Aufmerksamkeit für Engagierte
Auch das gehört zu diesem Bürgerfest: Aufmerksamkeit für solche Ehrenamtlichen, von denen ich auch viele getroffen habe im Land. Es gibt Engagierte, die ernten im Alltag nicht Dank, nicht Lob – und nicht einmal Respekt. Sondern die werden beschimpft für ihre Arbeit. Die werden bedroht, weil sie Obdachlosen oder Flüchtlingen helfen, oder weil sie den Mund aufmachen. Bitte lassen Sie uns das heute geraderücken: Nicht diejenigen müssen sich rechtfertigen, die Mitmenschlichkeit beweisen, sondern die, die sie verweigern! Bitte lassen Sie uns heute deutlich zeigen: Gegen grundlose Wut, gegen Demokratieverachtung wollen wir zusammenstehen! In der Demokratie muss gestritten werden, notfalls auch laut, aber es geht nicht ohne den Willen zur Verständigung und nicht ohne Respekt vor anderen und den Institutionen der Demokratie. Denen, die jetzt wieder lautstark unterwegs sind mit der Parole: „Das System muss weg!“, die erinnere ich an die Folgen, die die Verachtung der ersten Demokratie auf deutschem Boden hatte. Und ich rufe ihnen zu: Verleumdet nicht die Demokratie als „System“! Oder mit den Worten von Berthold Kohler gestern aus der FAZ: „dass diese Republik bei allen Mängeln, Irrwegen und Versäumnissen die freieste und demokratischste ist, die es je auf deutschem Boden gab.“ Ein Land mit unserer Geschichte darf das niemals vergessen.

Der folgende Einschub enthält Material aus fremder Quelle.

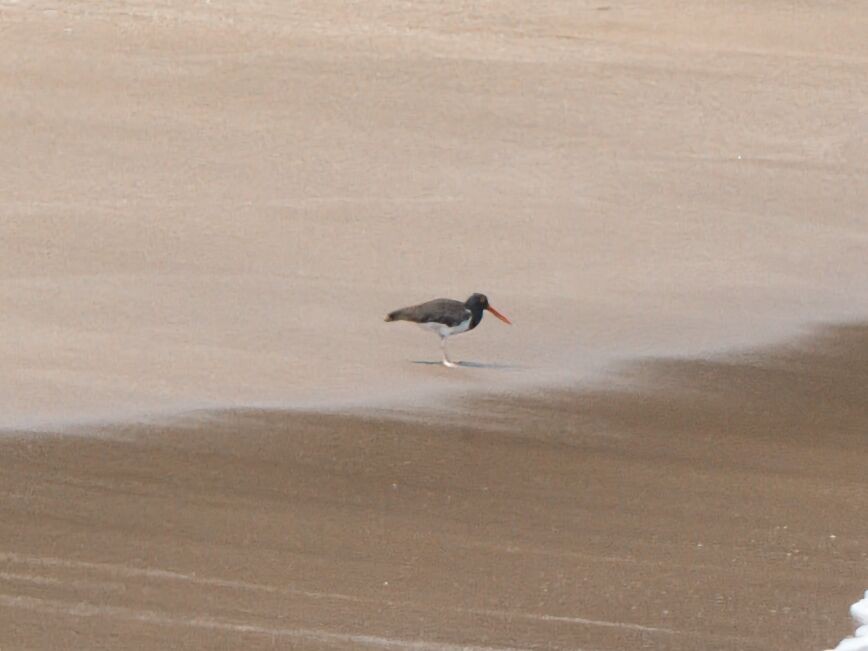 American Oystercatcher - ML652803408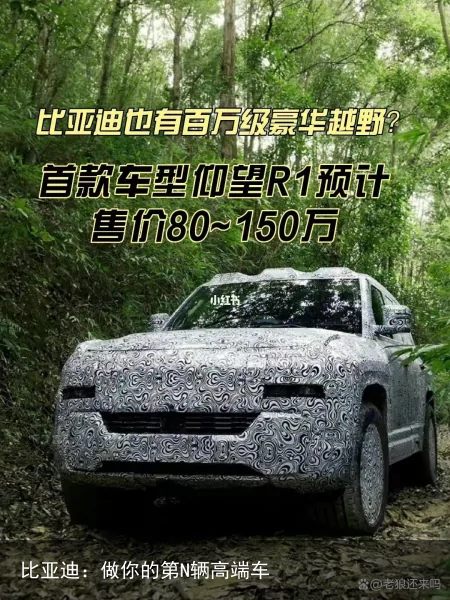 比亚迪：做你的第N辆高端车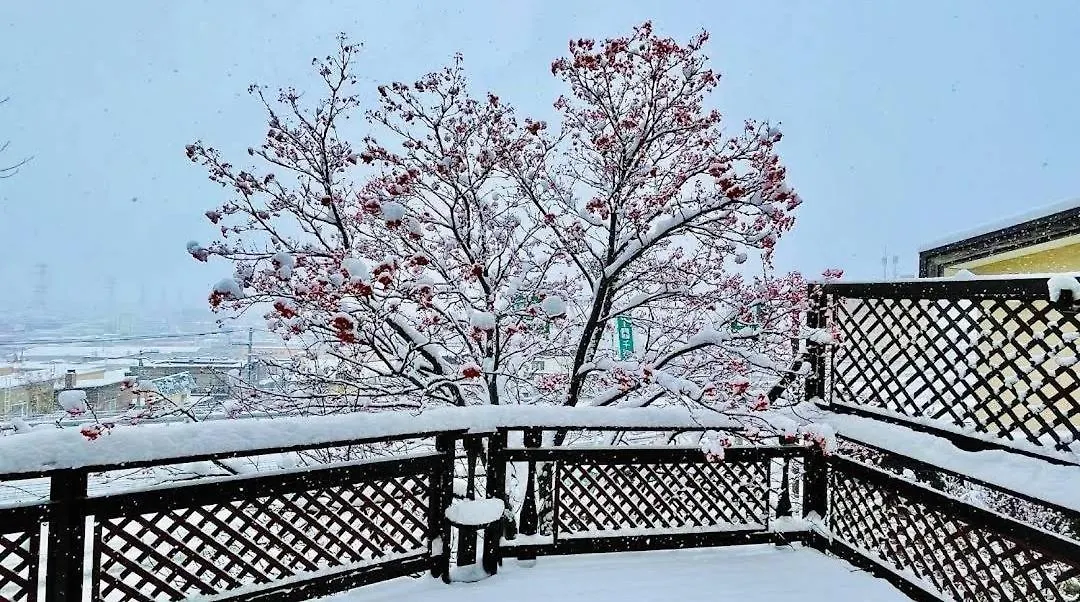 Sapporo Luxury Log House 5Brm Max 18Ppl 4 Free Parking Villa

Demokratie braucht Haltung
Demokratie lebt nicht allein aus der Verfassung, aus geschriebenem Recht heraus. Demokratie braucht Haltung und Engagement. Demokratie verlangt Respekt und die Bereitschaft zum Kompromiss.
Unsere Demokratie lebt von Menschen, die nicht nur danach fragen, was das Land für sie tut, sondern auch fragen, was sie für das Land tun können.
Menschen, die nicht nur schimpfen und meckern. Menschen, die anpacken und nicht nur Schuldige und Sündenböcke suchen. Menschen, die über den Tellerrand der eigenen Interessen hinausschauen und für Mitmenschen da sind. Menschen, die sich um mehr kümmern als nur sich selbst.
Kurz gesagt: Menschen wie Sie. Ohne Menschen wie Sie wären wir nicht dasselbe Land, wäre es ärmer und kälter um uns herum. Sie machen das Leben in unserem Land reich, wertvoll, lebenswert. Und Sie heute Abend hier im Park des Bellevue stehen für Hunderttausende und Millionen in ganz Deutschland. Das macht mich stolz auf unser Land und besonders auf Sie. Seien Sie es auch! Und nicht nur am heutigen Abend!
Danke, dass Sie hier sind – herzlich willkommen. Ich wünsche Ihnen ein entspanntes und fröhliches Bürgerfest!